Doubtless, Dahal has descended from his furious revolutionary perch with an eerie rapidity. His rhetorical emasculation has been accompanied by sleazy deals aimed at facilitating his hold on power. Yet the Maoist chairman has been able to camouflage his flip-flop-flips in the garb of flexibility that Nepal’s convoluted politics so desperately needs to keep showing life.
Ordinarily, Bimalendra Nidhi, as the ranking member of the largest party in parliament, should have been designated the senior-most deputy premier. But, then, Nidhi, is not the leader of the Nepali Congress, whereas Kamal Thapa heads the Rastriya Prajatantra Party, although it is the fourth largest party. Nidhi the individual versus Thapa the institution? Cold calculation on Dahal’s part, yes. Put differently, pragmatism in power to depict a process.

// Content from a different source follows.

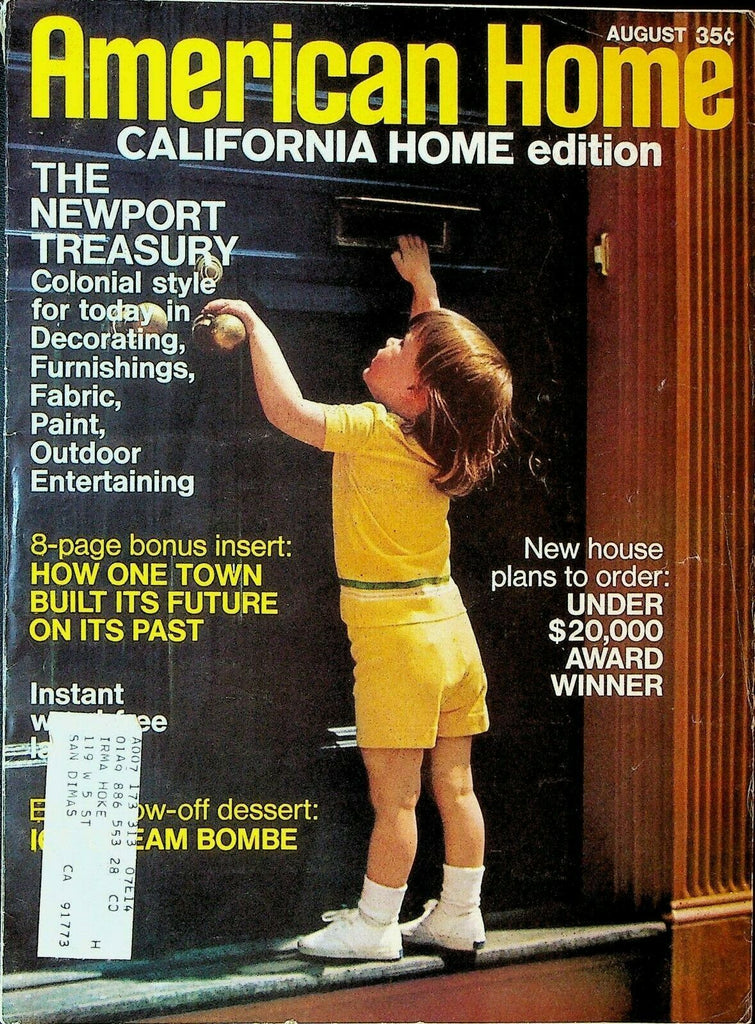 American Home Magazine August 1970 California Home Newport Treasury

On the other hand, Bhattarai, Dahal’s one-time chief propagandist, has lost much of his luster without seeming to have realized it. Things did not start to go bad after he left the Maoists. But they sure did get worse faster after he broke away. Bhattarai has stopped taking single-handed credit for turning Nepal into a republic – sort of. But he has not been able to turn into a leader who can persuade too many people to follow him right now.
The mess in front of the Election Commission earlier this month was emblematic of what plagues the doctor’s persona-infused politics. The police no doubt perpetrated excesses against the former prime minister. Still, Bhattarai should have let the country rage against it, not politicize things into a farce wherein the state eventually shrugged him off as being unworthy of detention on the public dime.
Indeed, such mortification is nothing new to Bhattarai. During the early 1990s, after the legalization of the party politics and before the Maoists went underground, Bhattarai was regularly roughed up at and hauled away from protests. Today the state should have considered the man’s age and profile. Yet Bhattarai, like the rest of us, saw the RPP’s Pashupati Shamsher Rana & Co. undergo similar treatment and must have known what he was getting into.
Then Bhattarai’s wife, Hisila Yami, stepped into it. Anyone could have misused the word ‘desh’ for ‘adesh’ in a frenzied and semi-conscious state. But Yami had to take that extra leap and tie the whole thing to supposed disadvantages linked to her janajati-ness. If her apology went on to exacerbate the damage of original statement, it was not for nothing.
All this has come amid the malaise surrounding Bhattarai’s Naya Shakti. Leading founding members have left in frustration and those who are still there continue to grumble and grouse. An election symbol is not the point when your party is struggling to symbolize anything.
Newness can retain a modicum of relevance as something that binds together disparate elements and events to complete the task at hand amid the creepiness of the alternatives. Let the newness we have already embarked on culminate in something tangible before we shift gears and try something newer.